__WHAT YOU HAVE TO DO__.
When you copy the material below, keep every line exact and omit the pictures.

__PROVIDED MATERIAL__.

:::

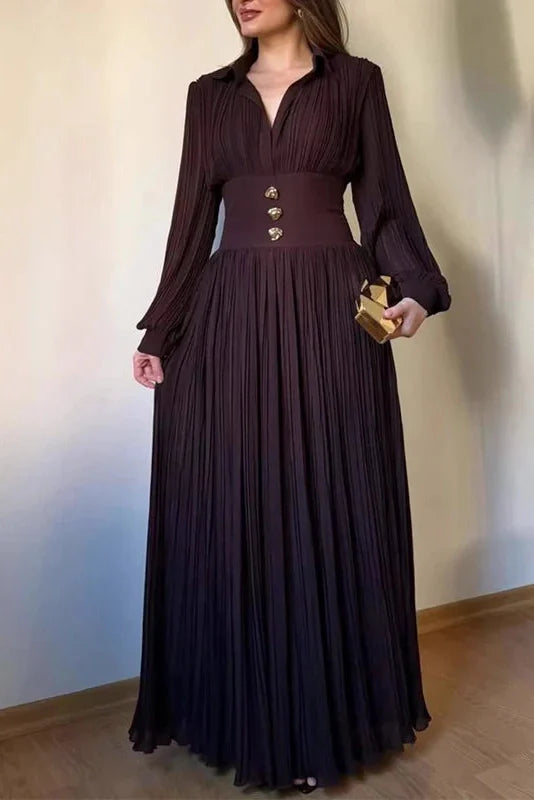 Long Sleeve High Waist Pleated V-Neck Maxi Dress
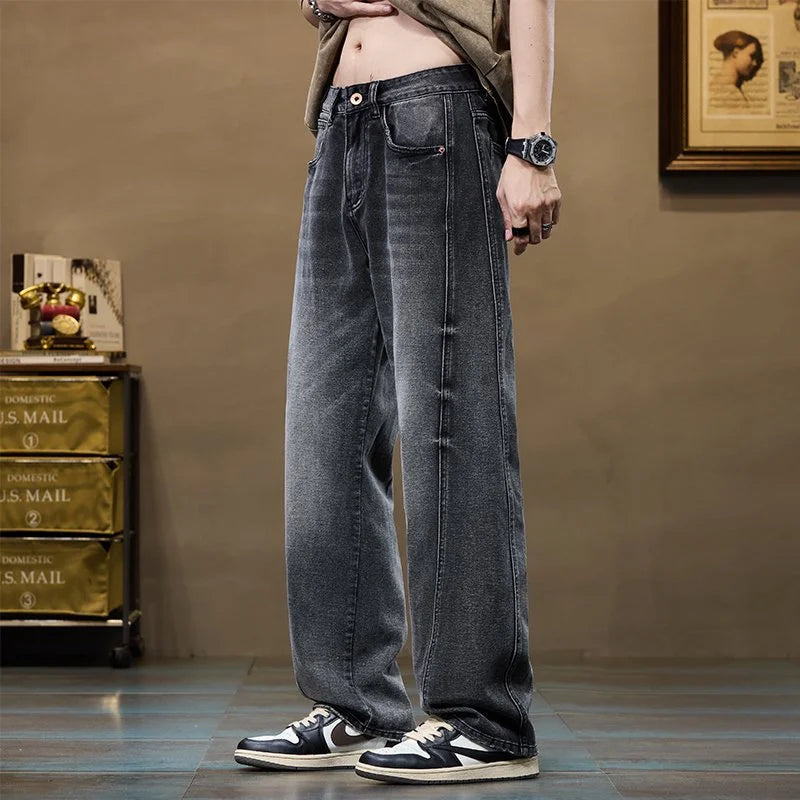 Pantalon en jean Baggy à jambe droite pour hommes |   Jean d'affaires décontracté coupe large et ample pour le style toutes saisons printemps/automne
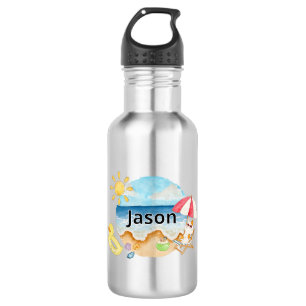 Süße Sommer-Strandkatze personalisierte Metall Ede Edelstahlflasche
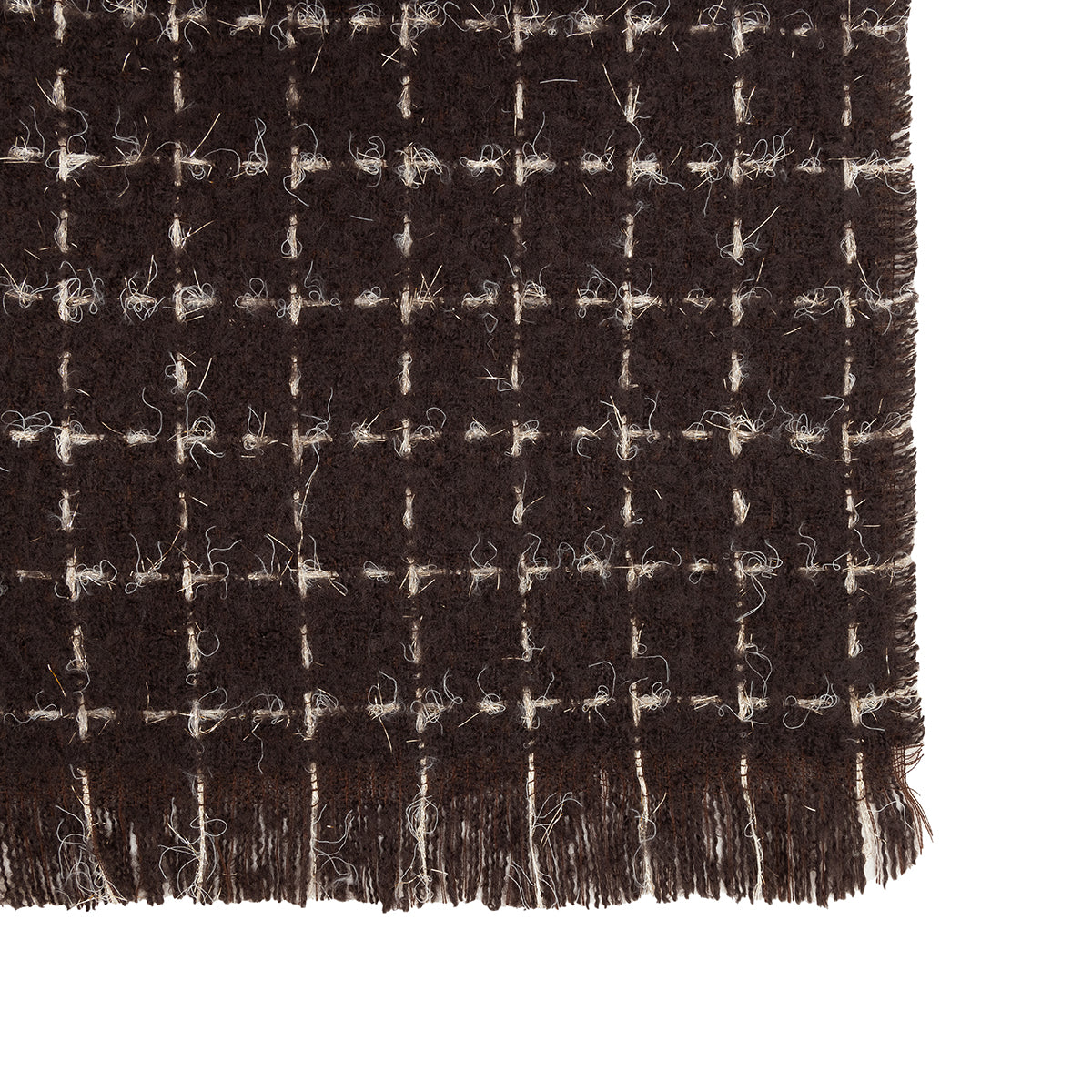 Écharpe effet tweed marron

:::

__TASK RESPONSE__.
 Long Sleeve High Waist Pleated V-Neck Maxi Dress
 Pantalon en jean Baggy à jambe droite pour hommes |   Jean d'affaires décontracté coupe large et ample pour le style toutes saisons printemps/automne
 Süße Sommer-Strandkatze personalisierte Metall Ede Edelstahlflasche
 Écharpe effet tweed marron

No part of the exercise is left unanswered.